Eğitimin bu iki temel sorununun çözümü, hiç de öyle karmaşık bir çözüm değildir; sorunu yaratan koşulları tersine çevirmekten ibarettir. Birincisi, Cumhuriyet devriminin sosyal(ist) politikalarına dönmek, eğitimi yeniden devletin kamu hizmeti alanına taşımak zorunludur. Bunun için, çocuğuna iyi bir gelecek hazırlamak arzusunda olan, bu uğurda her türlü fedakârlığa hazır anne babanın gözünde özelleştirmeyi meşru kılan sınav merkezli, yarışmacı ve rekabetçi bir eğitim pratiği tümüyle terk edilmelidir. Kademeler arasındaki geçiş, tümüyle okul başarısına; okul başarısı da ilk öğretimde öğretmen gözlemine, orta öğretimde yönlendirme çalışmalarına dayandırılmalıdır.

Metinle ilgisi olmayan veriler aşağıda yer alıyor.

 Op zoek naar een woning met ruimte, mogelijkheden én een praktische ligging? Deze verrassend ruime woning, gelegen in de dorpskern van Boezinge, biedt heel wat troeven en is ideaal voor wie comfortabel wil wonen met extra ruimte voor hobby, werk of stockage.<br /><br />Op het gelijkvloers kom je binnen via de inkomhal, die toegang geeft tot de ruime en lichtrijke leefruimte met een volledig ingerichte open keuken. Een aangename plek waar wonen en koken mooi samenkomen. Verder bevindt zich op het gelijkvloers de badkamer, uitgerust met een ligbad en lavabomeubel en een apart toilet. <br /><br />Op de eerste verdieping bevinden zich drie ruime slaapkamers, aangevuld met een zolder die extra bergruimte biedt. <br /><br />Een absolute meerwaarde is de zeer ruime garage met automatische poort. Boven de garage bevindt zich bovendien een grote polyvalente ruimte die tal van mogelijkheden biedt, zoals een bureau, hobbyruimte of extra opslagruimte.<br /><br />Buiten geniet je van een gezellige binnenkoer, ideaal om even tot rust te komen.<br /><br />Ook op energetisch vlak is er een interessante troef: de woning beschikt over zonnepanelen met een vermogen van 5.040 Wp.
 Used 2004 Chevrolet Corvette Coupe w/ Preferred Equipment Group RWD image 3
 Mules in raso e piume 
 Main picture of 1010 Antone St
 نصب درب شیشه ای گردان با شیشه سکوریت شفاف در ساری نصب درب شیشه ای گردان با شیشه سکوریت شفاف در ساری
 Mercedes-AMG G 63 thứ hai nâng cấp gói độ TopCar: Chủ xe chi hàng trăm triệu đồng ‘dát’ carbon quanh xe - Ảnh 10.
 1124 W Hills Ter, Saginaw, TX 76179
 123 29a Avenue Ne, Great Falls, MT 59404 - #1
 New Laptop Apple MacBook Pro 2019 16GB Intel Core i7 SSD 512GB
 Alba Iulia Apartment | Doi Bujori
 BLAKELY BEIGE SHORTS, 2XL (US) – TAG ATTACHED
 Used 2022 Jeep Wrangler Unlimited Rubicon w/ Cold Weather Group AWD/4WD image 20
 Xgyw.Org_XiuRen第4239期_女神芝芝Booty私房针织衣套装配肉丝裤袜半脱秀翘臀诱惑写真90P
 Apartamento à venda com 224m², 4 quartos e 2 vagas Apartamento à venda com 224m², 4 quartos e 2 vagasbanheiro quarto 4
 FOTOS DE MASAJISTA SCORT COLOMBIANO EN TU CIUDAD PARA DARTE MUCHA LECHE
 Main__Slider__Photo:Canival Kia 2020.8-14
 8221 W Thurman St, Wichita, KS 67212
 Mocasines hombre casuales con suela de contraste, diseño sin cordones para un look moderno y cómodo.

Sınavlar geri bildirim almak ve destek programları planlamak işlevleriyle sınırlanmalıdır.  Merkezi sınav kursları kapatılmalı, “kişisel gelişim” adı arkasına saklananlarla kararlı bir biçimde mücadele edilmeli; özel okullar ve vakıf üniversiteleri ilk adımda kapatılamıyorsa bile sıkı bir denetimle halk yararı gözetilerek yeniden yapılandırılmalı ve aşamalı bir biçimde kamuya kazandırılmalıdır. Kademelerindeki detaylarında kolayca uzlaşılabilecek eğitim sisteminin, okul öncesinden üniversiteye kadar her aşaması tamamıyla bir kamu hizmeti biçiminde kurgulanmalıdır.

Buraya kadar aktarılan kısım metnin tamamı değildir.